「音楽家に聴く」というコーナーは、普段舞台の上で音楽を奏でているプロの皆さんに舞台を下りて言葉で語ってもらうコーナーです。今回ドイツ・ミュンヘンフィルでご活躍中の布施菜実子(ふせなみこ)さんをゲストにインタビューさせていただきます。「音楽留学」をテーマにお話しを伺ってみたいと思います。
(インタビュー:2009年8月)
ー布施菜実子さんプロフィールー
布施菜実子さん
東京生まれ。4歳よりヴァイオリンを始める。桐朋女子高校音楽科を経て桐朋学園大学を1998年に卒業。在学中には仙台フィルハーモニー管弦楽団と共演したほか、東京文化会館小ホールにて新人音楽家デビューコンサートなどに出演。またカール・ライスター弾き振りのオーケストラにてコンミスを務めるなど多数の学内オーケストラにてコンミス、首席を経験。卒業後すぐに渡独。ミュンヘン音楽大学ではマイスタークラスに入学し、2000年にマイスタークラスディプロムを取得、卒業。Münchener Kammerorchesterの契約団員を経て、2000年のマイスタークラス卒業と同時にミュンヘンフィルハーモニー管弦楽団に入団。現在オーケストラ以外に、室内楽などを中心に演奏活動を行っている。これまでにヴァイオリンを故鈴木共子、朱貴珠、クルト・グントナーの各氏に、室内楽を店村眞積、堀了介、村上弦一郎、バルトーク・カルテット、アルバンベルグ・カルテット、アマデウス・カルテットなどに師事。
-では、最初に、布施さんのご経歴を教えてください。
布施 4歳からバイオリンを始め、6歳で桐朋学園大学付属「子どものための音楽教室」に通い始めました。桐朋学園女子高校音楽科を経て、桐朋学園大学を卒業し、ミュンヘン音楽大学マイスタークラス(大学院)に2年間在籍しました。卒業後、すぐにミュンヘンフィルハーモニー管弦楽団に入団し、現在に至っています。
-素晴らしいご経歴ですね!
布施 いえいえ。私はコンクールなどはほとんど受けていませんので、コンクール歴はないんですよ。

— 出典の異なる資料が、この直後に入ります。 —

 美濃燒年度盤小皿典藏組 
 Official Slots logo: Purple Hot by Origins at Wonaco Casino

-それは意外です。では、音楽に興味を持ったきっかけは何だったのでしょうか?
布施 実は、それほど、音楽やクラシックに興味はなかったんです。バイオリンも、自分からやりたいと言って始めたわけではありませんでした。母親が、自分がバイオリンをやりたかったから、ということで、私に始めさせたんです。桐朋学園の高校に入るまでは、他のお友だちと同じように、普通にポップスなども聴いていました。その頃は、プロの音楽家になるなんて、全然考えてもいませんでしたね。

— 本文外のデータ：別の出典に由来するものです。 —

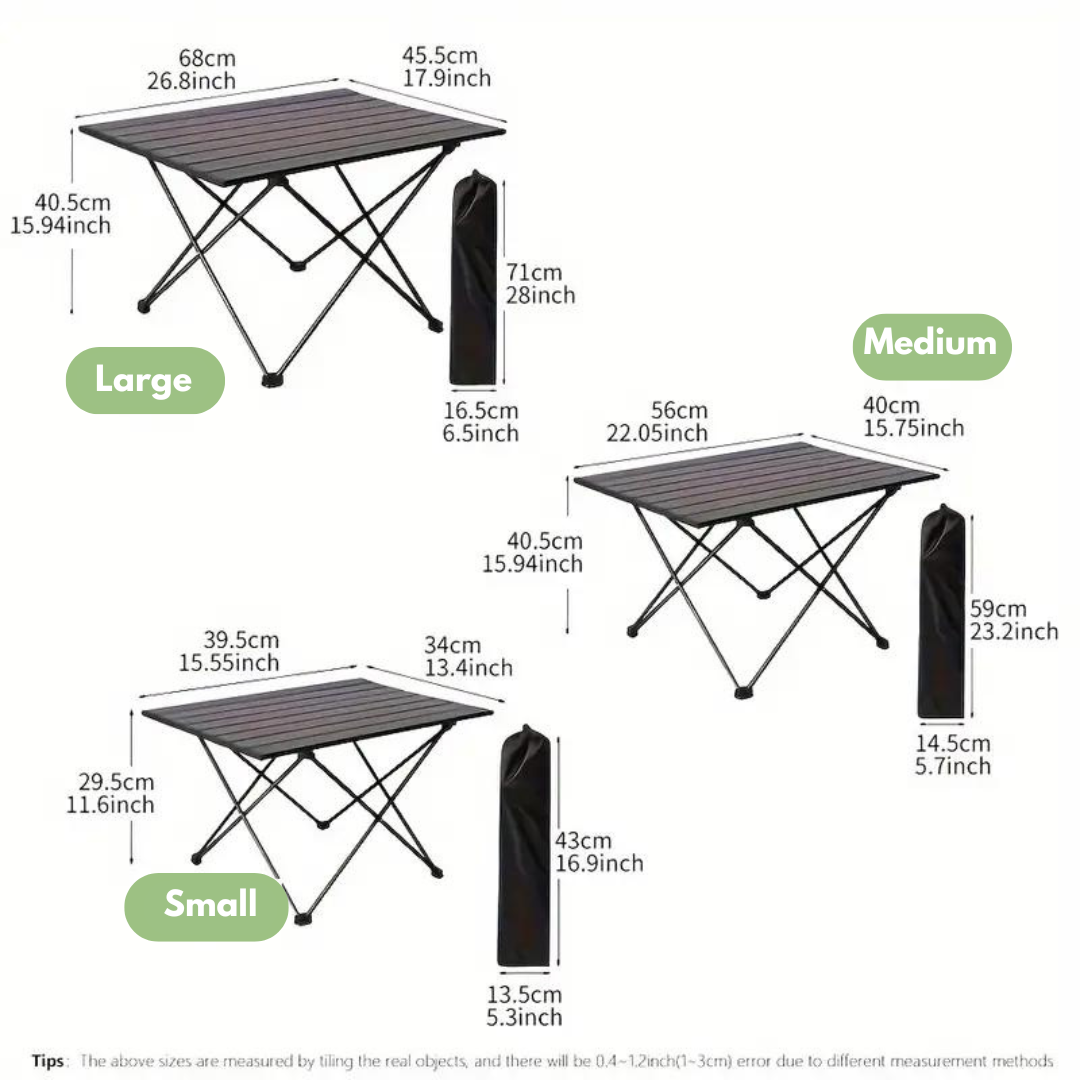 Folding Table - Camping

-それでは、クラシックに興味を持ち始めたのは、高校に入学してからなんですか?
布施 そうですね。音楽高校だったので、素晴らしい経歴を持つ子たちがたくさんいたんです。コンクールで全国一位とか、地方から出てきている人もいましたし。そんな中にいたら、かなり刺激を受けまして。やっと目覚めたというか、初めて、自分の意思で練習するようになったんです。
-大きな刺激だったのでしょうね。
布施 はい。そして、高校三年生の頃、ザルツブルグ夏期講習会・モーツァルテウム音楽大学夏期国際音楽アカデミーに参加したんです。そこで初めて、ヨーロッパの音楽を聴いたんです。先生だけじゃなく、参加している講習生の演奏も聴いているうちに、「ヨーロッパの音楽って、クラシックって素晴らしい!」って、感動したんです。その頃からですね、留学を考え始めたのは。
ミュンヘンフィル布施さん
-ザルツブルクの講習会が、留学するひとつのきっかけになったのですか?
布施 はい。きっかけのひとつではありました。でも、師事していた先生に相談しましたら、「高校を卒業してすぐというのは、少し早いのではないか。」とアドバイスをいただきまして、大学で勉強してから、ということにしました。実は、大学2、3年の頃には、大学の先生から、「そろそろ留学してもいい時期ではないか。」と言わてはいたんです。でも、休学するよりは、やはり卒業してから留学したいと思いまして・・・。そして、4年生になってから、これがもうひとつの大きなきっかけになるのですが、スイスのレンクで行われた講習会に参加したんです。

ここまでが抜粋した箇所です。